I suppose it might be faster to just run-and-gun replace TTL in the mathbox tho at this point. :) But where is the fun in that!!

Anyone else feel free to jump in here!! I will just keep responding to my own posts otherwise. :) :) Ha!

PS- Duncan are you out there?

From: owner-vectorlist@vectorlist.org [mailto:owner-vectorlist@vectorlist.org] On Behalf Of Jimmy Ipock
Sent: Tuesday, February 18, 2014 8:41 PM
To: vectorlist@vectorlist.org
Subject: Re: VECTOR: I,Robot Mathbox Question...

If anyone has an interest in disassembling the code provided above, a reference to the CPU mnemonics may be found here...

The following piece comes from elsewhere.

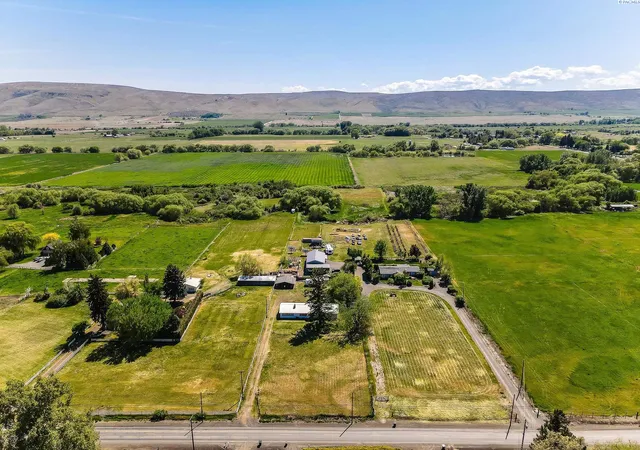 Homes for sale in Yakima, WA | 11704 Gilbert Road, Yakima, WA 98903 | MLS# 292770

http://www.lomont.org/Software/Misc/CoCo/Lomont_6809.pdf

On Tue, Feb 18, 2014 at 9:06 PM, Matthew Rossiter <matt@rossiters.com<mailto:matt@rossiters.com>> wrote:
I'll sometimes take the risk of looking stupid just for the sake of clarification. :). I figured it might also jog a response from others.

Sent from my iPhone

On Feb 18, 2014, at 4:28 PM, Jess Askey <jess@askey.org<mailto:jess@askey.org>> wrote:
Binary sequence: That listing of 2-byte words that was in the original email... this one...

9000
8000
0B40
00E0
0000
FF00
00EE
0590
3FC2

Now, granted, I think there may be a JSR in there to a more complex location (I think there might be, however there may not be)... either way, that little snippet of binary there, should basically YAW rotate 5 degrees some sort of matrix and just a hunch, that matrix may exist at offset 0B40 (in MBOX RAM @ 2B40 then) and perhaps it may be writing the result to MBOX RAM at offset 0590?

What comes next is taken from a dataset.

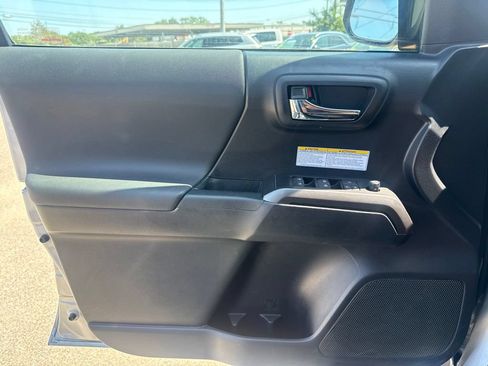 Used 2020 Toyota Tacoma TRD Off-Road w/ Technology Package AWD/4WD image 13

Im just trying to figure out how this set of instructions translates into a YAW 5 degrees.

My end game is just like yours... I have a PCB set with infinite 'Black Hole' messages and all ROM's, RAM's, PROM', BitSlicers test good (PROM sockets seem fine too).... But the Mathbox passes self test just fine.

I emailed John M*nfreda for some CPU disassembly advice and haven't heard back but not everyone has time to dig into this stuff so deep, so I understand. It probably isn't all the easy to answer the question I posed of 'what causes the Black Hole message'... exactly that is. ;-)

jess

From: owner-vectorlist@vectorlist.org<mailto:owner-vectorlist@vectorlist.org> [mailto:owner-vectorlist@vectorlist.org] On Behalf Of Matthew Rossiter
Sent: Tuesday, February 18, 2014 3:14 PM
To: vectorlist@vectorlist.org<mailto:vectorlist@vectorlist.org>
Subject: Re: VECTOR: I,Robot Mathbox Question...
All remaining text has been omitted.